At Yale, we jeer at Harvard in the same way that Bostonians do the City of Angels; that Yankees do the Red Sox; and that Blue Devils do the Tar Heels.

Each pair is a rivalry of equals that takes part in healthy competition that channels energies into a constructive pursuit. Athletic competition between these teams and their fans demonstrates how individualism and community can be synthesized and totalized within a nation to preserve the republic.

The idea of America requires that this sense of communal pursuit be maintained; American Exceptionalism cannot function without it. And athletics bring it to the fore and take it to degrees unparalleled.

USA 4, USSR 3; Jesse Owens 1936; Dream Team 1992; Air Jordan; Lance Armstrong; Ted Williams; the champion marble player. On fields domestic and foreign, when our teams wins, we celebrate with a ticker-tape parade. And our nation is the more united for it.

Baseball, above all other sports, reveals this nation-building phenomenon. “Field of Dreams” (1989), starring Kevin Costner as the all-American farmer and baseball aficionado, best expresses the spirit of our national pastime — but only shows about five minutes of actual baseball. “Actual baseball” includes any scene with a glove, ball or bat. It doesn’t matter. Baseball is bigger than baseball — and the success of movies like “Field of Dreams” reveals how indelibly the sport has marked our society. At times, the nation and the sport seem inseparable.

The politician; the scholar; the businessman — in America, Everyman plays baseball and plays it hard, develops hand-eye coordination, a sensitivity to beautiful sounds and smells, and an appreciation for the difficulty of the double play. With each game, Everyman comes to understand patience and the art of storytelling — no game is ever the same as the one before.

“Field of Dreams” famously ends with a scene in which Ray Kinsella asks his father for one last father-son catch before receding into the great beyond.

“Hoosiers,” “The Natural” and “Mighty Ducks II” all end with similar motifs — the beauty of a sport set within the context of family. Together, they buttress American systems of value.

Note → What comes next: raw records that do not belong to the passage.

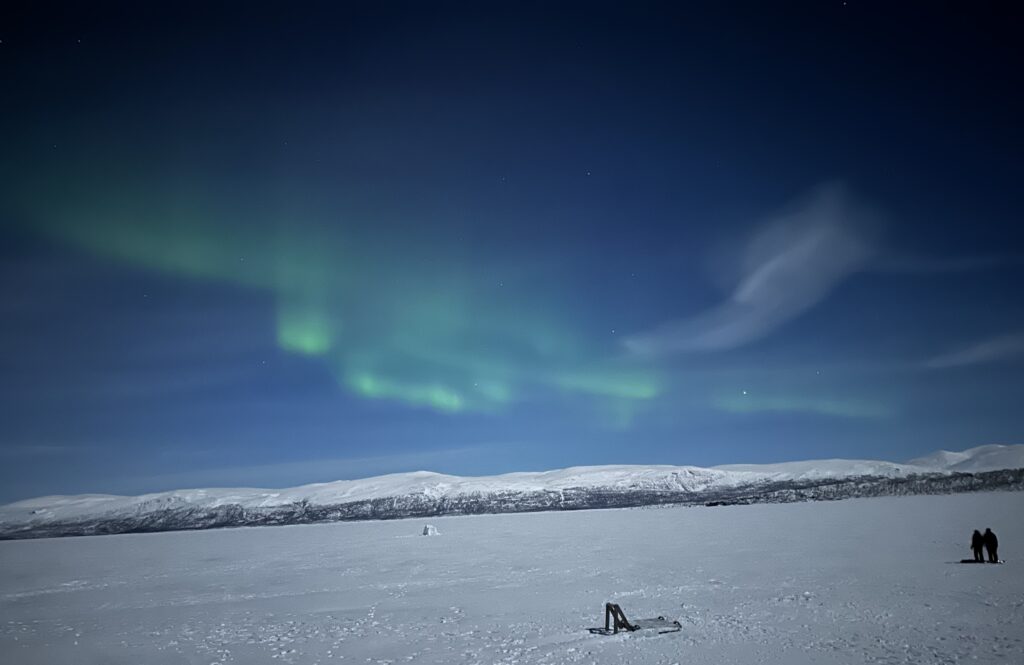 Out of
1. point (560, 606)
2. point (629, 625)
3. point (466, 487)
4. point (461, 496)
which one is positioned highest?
point (629, 625)

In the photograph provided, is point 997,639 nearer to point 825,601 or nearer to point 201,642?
point 825,601

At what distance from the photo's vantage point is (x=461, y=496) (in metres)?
142

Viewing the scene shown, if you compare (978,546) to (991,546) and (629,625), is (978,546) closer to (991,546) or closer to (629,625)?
(991,546)

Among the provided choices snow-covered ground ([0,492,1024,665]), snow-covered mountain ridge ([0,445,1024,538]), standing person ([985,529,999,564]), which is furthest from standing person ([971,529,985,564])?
snow-covered mountain ridge ([0,445,1024,538])

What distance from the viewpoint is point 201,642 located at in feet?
58.5

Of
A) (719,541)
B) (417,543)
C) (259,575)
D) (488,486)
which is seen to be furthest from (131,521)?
(719,541)

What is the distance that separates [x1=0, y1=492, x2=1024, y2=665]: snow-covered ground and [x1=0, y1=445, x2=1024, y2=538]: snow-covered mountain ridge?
266ft

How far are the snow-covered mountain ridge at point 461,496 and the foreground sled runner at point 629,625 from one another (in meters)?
94.6

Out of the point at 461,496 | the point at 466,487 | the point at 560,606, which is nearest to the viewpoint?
the point at 560,606

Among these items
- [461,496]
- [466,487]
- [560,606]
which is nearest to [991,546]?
[560,606]

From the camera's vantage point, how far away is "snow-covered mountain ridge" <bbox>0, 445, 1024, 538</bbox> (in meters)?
123

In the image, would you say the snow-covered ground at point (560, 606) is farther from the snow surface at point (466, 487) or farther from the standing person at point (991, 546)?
the snow surface at point (466, 487)

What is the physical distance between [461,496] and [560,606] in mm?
125597

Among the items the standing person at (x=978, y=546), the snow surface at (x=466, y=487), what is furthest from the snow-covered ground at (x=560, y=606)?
the snow surface at (x=466, y=487) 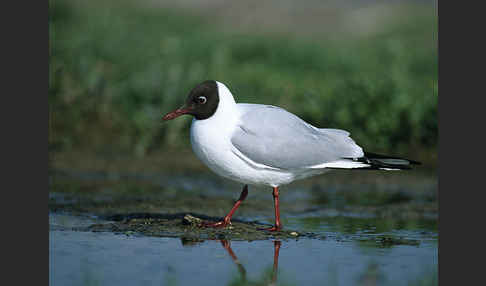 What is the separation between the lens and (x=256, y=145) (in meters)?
5.02

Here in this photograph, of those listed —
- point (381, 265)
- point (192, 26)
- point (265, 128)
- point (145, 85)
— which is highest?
point (192, 26)

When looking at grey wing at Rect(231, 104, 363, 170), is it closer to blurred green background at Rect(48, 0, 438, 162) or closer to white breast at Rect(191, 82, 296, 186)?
white breast at Rect(191, 82, 296, 186)

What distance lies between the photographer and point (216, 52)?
31.8ft

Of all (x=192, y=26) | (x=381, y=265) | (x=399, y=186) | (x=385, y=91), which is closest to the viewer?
(x=381, y=265)

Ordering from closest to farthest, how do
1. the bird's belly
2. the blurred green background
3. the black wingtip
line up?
the bird's belly, the black wingtip, the blurred green background

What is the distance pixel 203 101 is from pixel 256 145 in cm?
48

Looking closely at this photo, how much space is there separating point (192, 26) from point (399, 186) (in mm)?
5498

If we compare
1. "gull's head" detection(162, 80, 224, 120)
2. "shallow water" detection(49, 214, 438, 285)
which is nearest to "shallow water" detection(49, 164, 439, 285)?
"shallow water" detection(49, 214, 438, 285)

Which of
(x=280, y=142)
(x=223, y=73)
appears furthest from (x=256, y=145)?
(x=223, y=73)

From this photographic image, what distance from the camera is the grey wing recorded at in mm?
5023

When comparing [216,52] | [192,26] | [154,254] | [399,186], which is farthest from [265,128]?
[192,26]

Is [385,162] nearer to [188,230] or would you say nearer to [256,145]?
[256,145]

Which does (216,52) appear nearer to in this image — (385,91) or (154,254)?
(385,91)

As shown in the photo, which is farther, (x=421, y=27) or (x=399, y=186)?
(x=421, y=27)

Whether it’s about Michael Jordan, who cried after winning his third NBA championship shortly after the death of his father; Brett Favre, who tossed four touchdowns on Monday Night Football the week after Big Irv’s death; Ken Griffey Jr., who memorably warmed up with his father in right-centerfield of Safeco Field; Derek Jeter, whose parents can always be found cheering for their son in the stands of Yankee stadium — the story of sports in America is really just the story of family.

Yet, recently, the institution has been corrupted from the inside. From steroid abuses to the Mitchell Report; from allegations that the Patriots taped their opponents’ private practices to the until-recent silence regarding Olympics-host China’s human rights violations; from NBA owners who threaten to move their team at the slightest prompting to illegal recruiting tactics that have seen scores of NCAA coaches fired or banned — the scandals surrounding athletics form a silent epidemic that is slowly destroying our country’s future.

That same demon in sports has climbed into the Ivy Tower.

Harvard basketball coach Tommy Amaker has been reprimanded for lowering admissions standards to allow greater recruitment at the expense of an academic meritocracy. The story was covered in the News’ Sports section and the New York Times, but little has been mentioned in its wake. It should have been printed on the front page. Above the fold. But I guess that area is reserved for more important stuff than the founding pillars of our national character. Like an ex-governor’s sexual escapades.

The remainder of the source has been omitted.